Ceci suppose pour chaque militant de notre pédagogie, humilité et audace : humilité restée dans le sillage d’une modestie qui, chez le Maître, s'est toujours complue à souligner la relativité de ses découvertes sans cesse considérées comme des démarches de transition vers des formes plus parfaites d'éducation dignes de rallier la grande unanimité des hommes. Et qui, dans cette vision, a sans cesse suscité la fraternité loyale du travail, le désir de bénéficier des critiques autorisées, des découvertes personnelles « pour que se précisent peu à peu les lois profondes et sûres du comportement qui permettront de construire la pédagogie expérimentale et humaine dont nous avons réalisé l'ébauche ».

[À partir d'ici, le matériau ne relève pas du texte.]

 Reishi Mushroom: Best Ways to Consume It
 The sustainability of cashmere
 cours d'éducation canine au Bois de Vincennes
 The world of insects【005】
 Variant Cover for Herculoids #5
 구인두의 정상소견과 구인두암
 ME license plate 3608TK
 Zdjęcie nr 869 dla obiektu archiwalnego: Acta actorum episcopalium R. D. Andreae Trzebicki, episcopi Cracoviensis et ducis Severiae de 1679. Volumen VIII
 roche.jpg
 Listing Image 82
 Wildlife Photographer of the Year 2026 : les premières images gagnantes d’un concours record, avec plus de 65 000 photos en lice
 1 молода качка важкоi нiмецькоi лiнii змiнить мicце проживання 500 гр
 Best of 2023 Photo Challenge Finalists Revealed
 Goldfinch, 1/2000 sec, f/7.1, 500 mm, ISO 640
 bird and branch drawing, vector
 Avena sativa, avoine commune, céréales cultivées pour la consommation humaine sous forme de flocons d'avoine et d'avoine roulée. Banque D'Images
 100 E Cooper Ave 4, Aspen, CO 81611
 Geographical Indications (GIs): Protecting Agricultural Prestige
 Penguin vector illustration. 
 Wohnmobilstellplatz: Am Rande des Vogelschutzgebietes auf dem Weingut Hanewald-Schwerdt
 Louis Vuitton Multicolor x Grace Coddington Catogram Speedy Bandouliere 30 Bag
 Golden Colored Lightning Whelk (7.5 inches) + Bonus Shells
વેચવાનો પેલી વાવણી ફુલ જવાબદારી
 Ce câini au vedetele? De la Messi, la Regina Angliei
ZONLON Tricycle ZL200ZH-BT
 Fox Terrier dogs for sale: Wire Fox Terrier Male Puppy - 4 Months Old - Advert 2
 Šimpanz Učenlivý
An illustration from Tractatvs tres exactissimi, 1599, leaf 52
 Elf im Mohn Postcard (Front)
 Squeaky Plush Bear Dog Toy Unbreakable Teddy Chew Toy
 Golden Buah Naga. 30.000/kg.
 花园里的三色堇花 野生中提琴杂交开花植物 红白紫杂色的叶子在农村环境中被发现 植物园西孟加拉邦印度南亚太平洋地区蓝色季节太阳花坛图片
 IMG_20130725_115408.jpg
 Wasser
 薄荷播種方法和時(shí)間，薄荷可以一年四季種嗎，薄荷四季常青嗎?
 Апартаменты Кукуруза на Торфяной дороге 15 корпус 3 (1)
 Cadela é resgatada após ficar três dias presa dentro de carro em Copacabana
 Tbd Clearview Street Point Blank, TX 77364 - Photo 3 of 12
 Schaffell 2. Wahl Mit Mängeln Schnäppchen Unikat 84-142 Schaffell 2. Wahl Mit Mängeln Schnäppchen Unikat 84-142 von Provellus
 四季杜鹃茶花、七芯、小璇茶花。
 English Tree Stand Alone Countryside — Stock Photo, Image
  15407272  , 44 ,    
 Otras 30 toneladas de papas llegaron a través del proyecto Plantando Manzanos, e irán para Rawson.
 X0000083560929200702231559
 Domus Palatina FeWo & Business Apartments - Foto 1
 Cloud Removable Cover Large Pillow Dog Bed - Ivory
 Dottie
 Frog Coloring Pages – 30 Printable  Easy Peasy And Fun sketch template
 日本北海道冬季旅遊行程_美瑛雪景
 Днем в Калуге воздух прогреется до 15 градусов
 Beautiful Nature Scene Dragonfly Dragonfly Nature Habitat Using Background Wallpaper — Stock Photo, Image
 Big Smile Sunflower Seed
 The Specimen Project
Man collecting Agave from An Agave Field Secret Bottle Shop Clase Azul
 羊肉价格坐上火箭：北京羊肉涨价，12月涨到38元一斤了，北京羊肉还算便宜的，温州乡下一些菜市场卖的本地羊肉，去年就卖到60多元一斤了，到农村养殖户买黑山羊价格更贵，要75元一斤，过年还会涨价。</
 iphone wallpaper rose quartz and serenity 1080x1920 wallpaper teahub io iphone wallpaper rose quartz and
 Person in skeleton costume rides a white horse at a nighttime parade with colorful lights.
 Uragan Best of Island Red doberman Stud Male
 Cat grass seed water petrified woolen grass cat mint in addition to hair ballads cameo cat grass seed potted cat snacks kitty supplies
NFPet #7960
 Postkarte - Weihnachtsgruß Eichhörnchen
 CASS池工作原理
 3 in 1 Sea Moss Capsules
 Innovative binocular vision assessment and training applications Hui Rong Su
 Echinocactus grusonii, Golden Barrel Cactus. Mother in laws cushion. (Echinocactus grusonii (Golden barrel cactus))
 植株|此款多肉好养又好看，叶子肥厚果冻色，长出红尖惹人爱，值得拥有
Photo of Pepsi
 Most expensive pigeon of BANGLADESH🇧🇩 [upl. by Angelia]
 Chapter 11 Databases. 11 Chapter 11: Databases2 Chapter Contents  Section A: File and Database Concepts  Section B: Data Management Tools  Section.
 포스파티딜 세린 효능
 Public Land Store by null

Humilité mais audace aussi, persuadés que nous sommes de la valeur de nos biens : audace de dire et de faire la preuve que c’est en partant de la base que doit se faire la réadaptation de l’école du XXe siècle pour l'homme du XXe siècle ; que c’est à notre niveau primaire que se prend le bon départ dont doit dépendre l'avenir. Plus que jamais c’est dans l’enfance que doit commencer l’adaptation à une complexité sociale de plus en plus déroutante : « quelles que soient les convulsions qui accompagnent la naissance d'un ordre nouveau, notre révolution pédagogique devra naître du désordre existant, construire le futur au sein du présent, convaincre plus que contraindre et convaincre non par des mots mais par l’évidence d’un progrès essentiel dans l’organisation, par l’éblouissement d’une efficience décuplée ».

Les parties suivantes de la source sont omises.